I walked along the tracks, the evening air a biting cold against my face. Each step felt like surrendering a piece of the burden I carried. The air was crisp, filled with the scent of damp earth and decaying leaves — a reminder of endings and the promise of rebirth. The train’s horn blared, a warning and a beckoning all at once.

As the headlights pierced through the darkness, I stood motionless, my heart pounding in rhythm with the clacking of the wheels against the tracks. Closing my eyes, I braced myself for oblivion, but too scared to take one more step into the train’s path.

The train thundered past, the rush of wind pulling at my clothes but doing nothing to remove the shame that overwhelmed me. The reality of what I had almost done hit me with full force. I sank to my knees, the crushing weight of my silence giving way to sobs that wracked my entire body.

“I’m struggling,” I admitted hoarsely to myself. “I feel like I’m drowning, and I don’t know how to stop it.”

The weight of silence had become unbearable, pressing down on me like the relentless rumble of the freight trains that passed by our house. As I knelt beside the tracks, my sobbing the only sound I could hear in the roar of the passing train, a realization struck me: it wasn’t the world that was crushing me — it was the silence in which I kept my own suffering locked up that was killing me.

“I can’t keep this inside anymore,” I whispered into the cold night air. The acknowledgment was both terrifying and liberating. The silence had been my prison, each unspoken word adding to the weight I carried. I knew then that if I didn’t break free, the silence would consume me entirely.

That night, instead of retreating further into myself, I picked up a pen and began to write. Words spilled onto the page, each sentence lifting a fragment of the burden I’d shouldered alone. Writing became my voice when speaking felt impossible, a bridge between my internal chaos and the world outside.

The next morning, with the first light filtering through the dusty blinds, I shared my writings with my wife. My hands trembled as I handed her the pages, the fear of judgment almost pulling me back into silence. But as she read, tears welled in her eyes — not of disappointment, but of compassion.

“I’m here,” she said softly, her hand finding mine. “You don’t have to carry this weight alone.”

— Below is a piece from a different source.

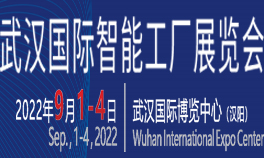 2022武汉国际智能工厂展览会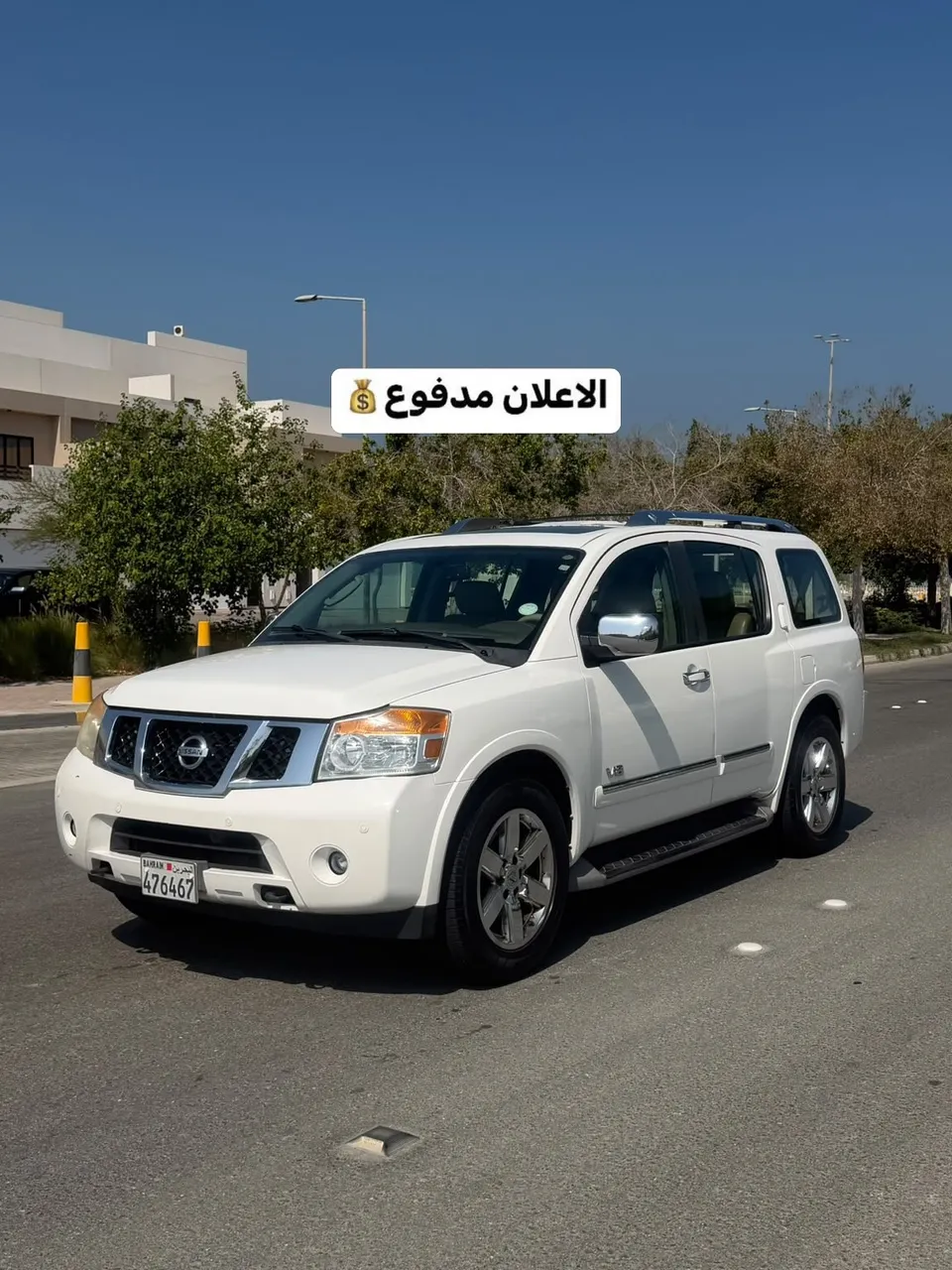 2012 Nissan Armada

In breaking my silence, I found that the walls isolating me began to crumble. Conversations with my wife led to seeking professional help, and slowly, the suffocating pressure started to ease. The house that once felt like a battlefield began to feel like a place where healing was possible.

I learned that silence can be heavy, but words — spoken or written — have the power to lighten the load. By sharing my struggle, I freed myself and opened the door for others to do the same.

If you carry a weight of silence, know that you don’t have to bear it alone. Speak your truth, reach out, and allow others to help lessen the load.